**Supplied material**.
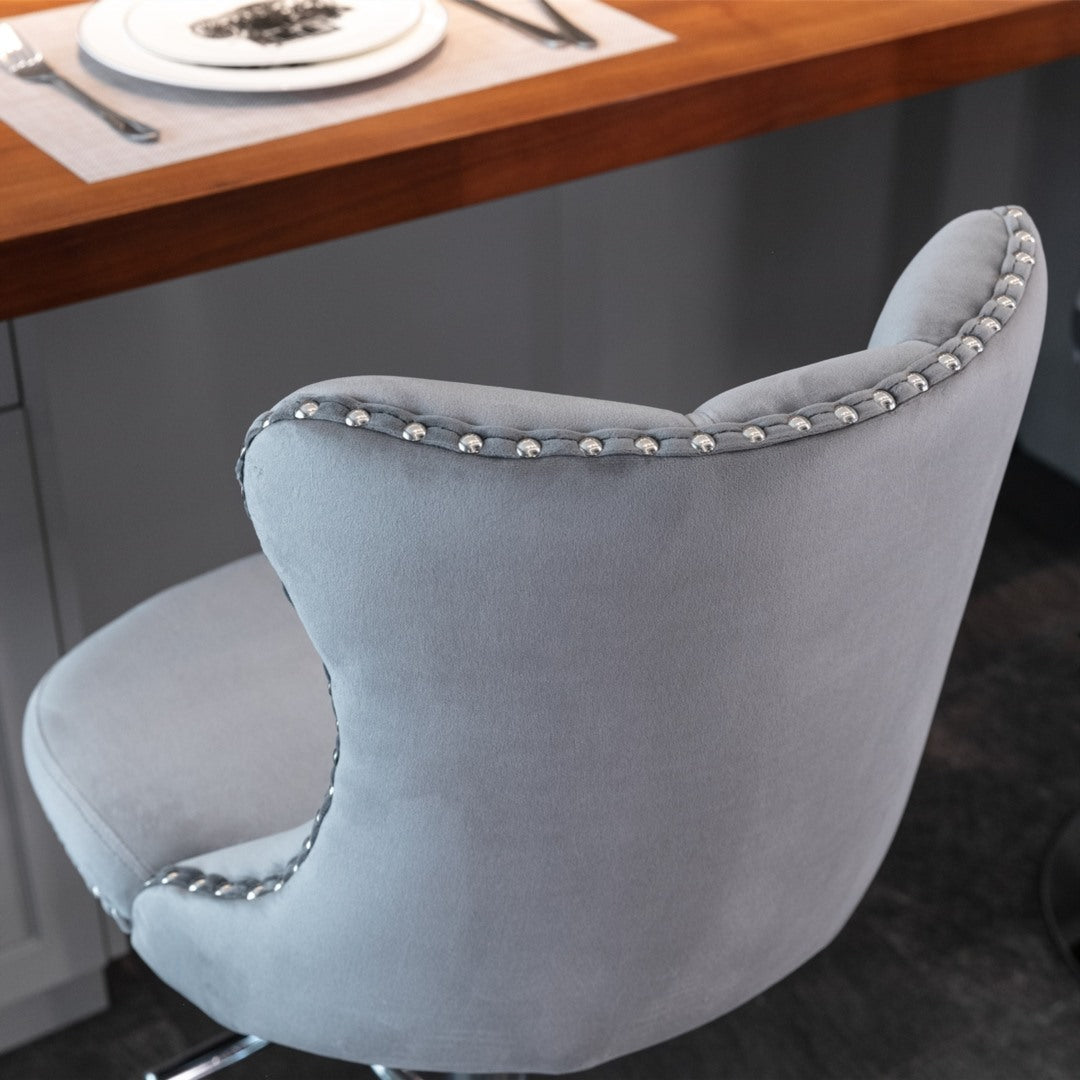 2x Height Adjustable Swivel Bar Stool Velvet Stud Barstool with Footrest and Chromed Base- Gray Does not apply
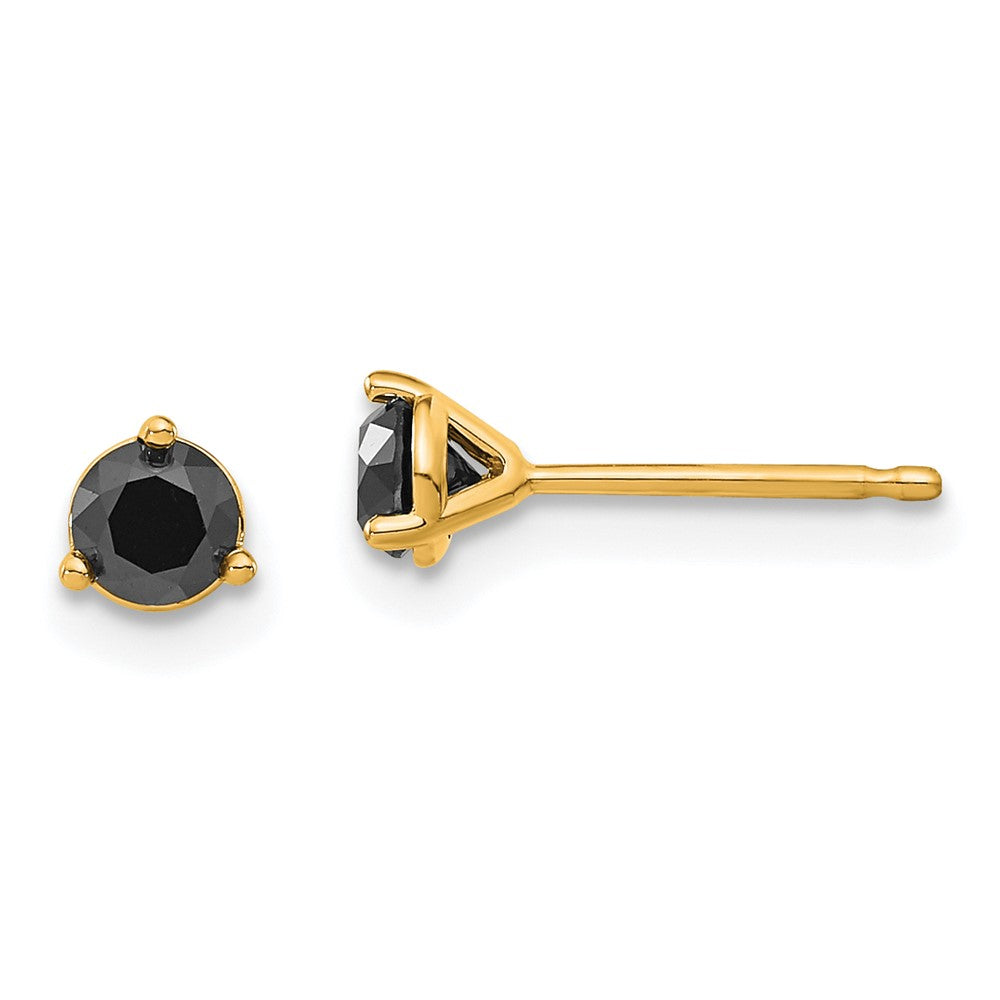 14k Yellow Gold .50ct. Black Diamond Stud Earrings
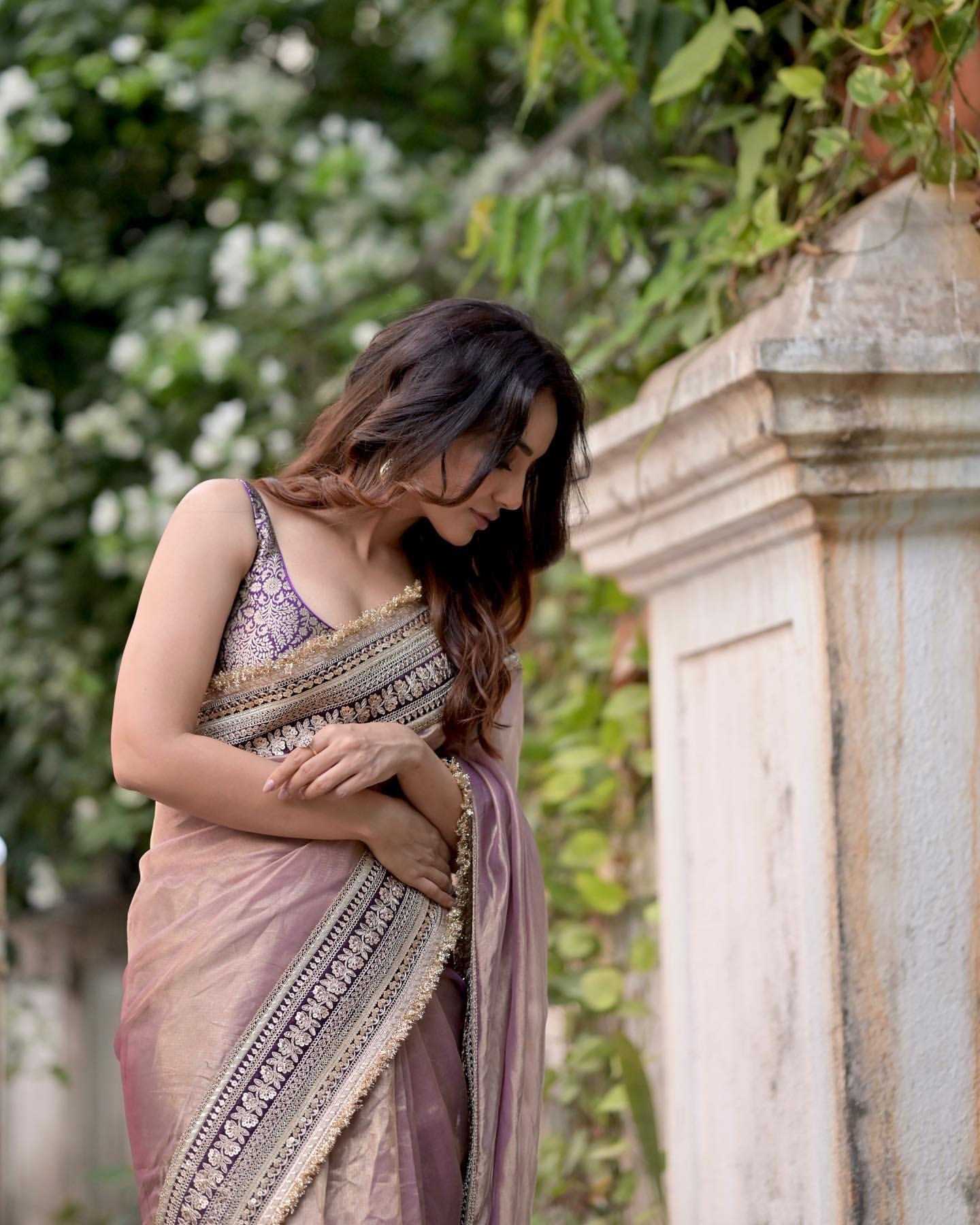 Designer Soft Twill Net Saree with Sequin & Dori Embroidery – Jacquard Silk Blouse - House of ViDi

**Work order**. Could you repeat the listing above exactly, omitting its pictures?

**Your response**.
 2x Height Adjustable Swivel Bar Stool Velvet Stud Barstool with Footrest and Chromed Base- Gray Does not apply
 14k Yellow Gold .50ct. Black Diamond Stud Earrings
 Designer Soft Twill Net Saree with Sequin & Dori Embroidery – Jacquard Silk Blouse - House of ViDi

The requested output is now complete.